Mathematically, logarithms are the inverse function to exponentiation:

$log{_b}{x} = y$

$b^y = x$

$b = x^\frac{1}{y}$


In [7]:
print(np.log10(1000))
print(np.power(10, 3))
# actually 10, ignore floating point error in result
print(np.power(1000, 1/3))


3.0
1000
9.999999999999998


## Utility / Purpose

One of the main historical motivations for introducing logarithms is the fact that they greatly facilitated complex calculations, especially at a time when computers didn't yet exist and slide rules or log tables where used instead.
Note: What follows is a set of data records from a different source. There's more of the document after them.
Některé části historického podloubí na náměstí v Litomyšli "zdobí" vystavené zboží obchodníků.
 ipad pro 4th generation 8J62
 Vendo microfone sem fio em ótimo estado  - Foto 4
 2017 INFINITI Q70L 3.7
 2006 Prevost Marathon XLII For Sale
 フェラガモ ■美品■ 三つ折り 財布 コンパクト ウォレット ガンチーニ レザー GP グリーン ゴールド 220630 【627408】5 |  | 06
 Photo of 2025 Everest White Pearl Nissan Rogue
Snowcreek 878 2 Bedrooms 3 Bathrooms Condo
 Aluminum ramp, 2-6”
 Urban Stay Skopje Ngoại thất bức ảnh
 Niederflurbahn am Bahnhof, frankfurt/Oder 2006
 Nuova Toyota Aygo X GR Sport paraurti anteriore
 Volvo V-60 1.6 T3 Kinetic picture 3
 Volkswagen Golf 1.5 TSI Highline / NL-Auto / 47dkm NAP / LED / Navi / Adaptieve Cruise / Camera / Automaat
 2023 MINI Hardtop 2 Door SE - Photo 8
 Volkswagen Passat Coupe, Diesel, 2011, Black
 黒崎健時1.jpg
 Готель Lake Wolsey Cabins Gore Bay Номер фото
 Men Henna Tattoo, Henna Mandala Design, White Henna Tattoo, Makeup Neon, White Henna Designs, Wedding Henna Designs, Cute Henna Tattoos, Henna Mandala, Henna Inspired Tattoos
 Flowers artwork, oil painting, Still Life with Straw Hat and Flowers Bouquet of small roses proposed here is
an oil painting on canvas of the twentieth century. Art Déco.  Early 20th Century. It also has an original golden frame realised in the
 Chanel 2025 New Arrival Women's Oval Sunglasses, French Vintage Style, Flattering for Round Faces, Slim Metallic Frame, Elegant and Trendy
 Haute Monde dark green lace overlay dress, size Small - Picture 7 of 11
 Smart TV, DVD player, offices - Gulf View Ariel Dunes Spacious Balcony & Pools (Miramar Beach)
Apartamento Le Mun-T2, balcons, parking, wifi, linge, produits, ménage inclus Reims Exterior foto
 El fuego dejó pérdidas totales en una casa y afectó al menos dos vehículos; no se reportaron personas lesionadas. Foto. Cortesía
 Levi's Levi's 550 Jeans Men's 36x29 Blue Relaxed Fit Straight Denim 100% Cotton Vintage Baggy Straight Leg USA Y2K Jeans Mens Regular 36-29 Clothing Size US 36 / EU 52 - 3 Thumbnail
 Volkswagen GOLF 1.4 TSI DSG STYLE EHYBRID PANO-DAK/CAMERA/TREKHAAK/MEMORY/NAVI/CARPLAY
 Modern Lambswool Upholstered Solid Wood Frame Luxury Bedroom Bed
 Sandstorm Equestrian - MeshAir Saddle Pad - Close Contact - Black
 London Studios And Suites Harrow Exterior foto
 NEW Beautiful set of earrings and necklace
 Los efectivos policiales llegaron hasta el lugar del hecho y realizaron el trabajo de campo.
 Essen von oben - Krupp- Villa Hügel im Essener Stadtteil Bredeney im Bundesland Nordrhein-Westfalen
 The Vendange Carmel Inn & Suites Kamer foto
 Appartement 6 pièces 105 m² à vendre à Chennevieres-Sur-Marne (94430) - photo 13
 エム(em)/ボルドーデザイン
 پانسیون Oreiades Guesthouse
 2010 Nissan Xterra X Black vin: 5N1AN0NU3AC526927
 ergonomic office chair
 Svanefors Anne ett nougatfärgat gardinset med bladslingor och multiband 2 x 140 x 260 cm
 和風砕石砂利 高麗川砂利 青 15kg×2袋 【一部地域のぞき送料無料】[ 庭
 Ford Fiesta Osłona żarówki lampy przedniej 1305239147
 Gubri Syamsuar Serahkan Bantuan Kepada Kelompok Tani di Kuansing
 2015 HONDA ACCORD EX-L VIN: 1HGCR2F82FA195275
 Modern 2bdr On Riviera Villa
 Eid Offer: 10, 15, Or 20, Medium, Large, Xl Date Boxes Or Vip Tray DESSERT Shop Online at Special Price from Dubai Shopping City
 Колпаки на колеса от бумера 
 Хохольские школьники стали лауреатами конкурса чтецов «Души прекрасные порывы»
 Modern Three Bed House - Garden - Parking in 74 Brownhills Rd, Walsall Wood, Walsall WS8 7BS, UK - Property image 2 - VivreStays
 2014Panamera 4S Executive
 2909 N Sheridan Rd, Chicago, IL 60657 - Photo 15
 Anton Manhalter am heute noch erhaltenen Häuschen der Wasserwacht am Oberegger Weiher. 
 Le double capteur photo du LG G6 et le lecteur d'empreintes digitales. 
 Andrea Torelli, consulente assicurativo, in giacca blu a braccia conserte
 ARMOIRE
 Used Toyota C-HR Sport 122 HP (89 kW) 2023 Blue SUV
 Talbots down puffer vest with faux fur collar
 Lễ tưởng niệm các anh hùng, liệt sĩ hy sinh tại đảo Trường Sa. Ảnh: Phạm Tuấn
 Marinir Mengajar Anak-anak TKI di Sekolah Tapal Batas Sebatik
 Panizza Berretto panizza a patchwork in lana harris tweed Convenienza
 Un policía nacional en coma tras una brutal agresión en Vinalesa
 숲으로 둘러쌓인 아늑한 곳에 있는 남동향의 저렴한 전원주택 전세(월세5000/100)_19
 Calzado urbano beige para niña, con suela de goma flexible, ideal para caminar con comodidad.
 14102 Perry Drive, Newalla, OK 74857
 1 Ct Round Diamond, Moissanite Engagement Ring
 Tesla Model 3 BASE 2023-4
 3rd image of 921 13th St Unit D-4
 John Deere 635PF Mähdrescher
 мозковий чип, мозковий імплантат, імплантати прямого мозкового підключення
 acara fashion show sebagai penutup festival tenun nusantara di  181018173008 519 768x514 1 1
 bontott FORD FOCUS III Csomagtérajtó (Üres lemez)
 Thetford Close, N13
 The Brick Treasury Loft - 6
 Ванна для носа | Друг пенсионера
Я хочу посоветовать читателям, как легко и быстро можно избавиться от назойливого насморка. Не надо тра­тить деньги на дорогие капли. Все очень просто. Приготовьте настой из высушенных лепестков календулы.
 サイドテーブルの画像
These simplifications dramatically advanced the field of astrology.

For example, ⚠️ provided that...

-   b, x, and y are positive
-   b != 1

... We have some very useful refactorings:

-   The logarithm of a product is the sum of the separate logarithms of the factors:
    -   $log{_b}{(xy)} = log{_b}{x} + log{_b}{y}$
    -   e.g.
        -   $log{_3}{243} = log{_3}{(9*27)} = log{_3}{9} + log{_3}{27} = 2 + 3 = 5$
-   The logarithm of a division/ratio is the difference of the separate logarithms of the factors:
    -   $log{_b}{(\frac{x}{y})} = log{_b}{x} - log{_b}{y}$
-   The logarithm of a exponentiated number is the log of the number multiplied by the exponent:
    -   $log{_b}{(x^y)} = ylog{_b}{x}$
    -   e.g.
        -   $log{_2}{64} = log{_2}{(2^6)} = 6*log{_2}{2} = 6*1 = 6$
-   Similarly, the logarithm of a the square root of a number is the log of the number divided by the root:
    -   $log{_b}{(\sqrt[y]{x}))} = \frac{log{_b}{x}}{y}$
    -   e.g.
        -   $log{_{10}}{\sqrt{1000}} = \frac{1}{2}*log{_{10}}{1000} = \frac{1}{2}*3 = 1.5$

We can also change bases:

-   $log{_b}{x} = \frac{log{_{1_0}}{x}}{log{_{10}}{b}} = \frac{log{_e}{x}}{log{_e}{b}}$

Finally, it's important to remember that:

-   $log{_b}{b} = 1$

### Logarithmic Scale

These are very useful for quantifying the relative change in a value as opposed to an absolute change in value. They're also very good for compressing large-scale data.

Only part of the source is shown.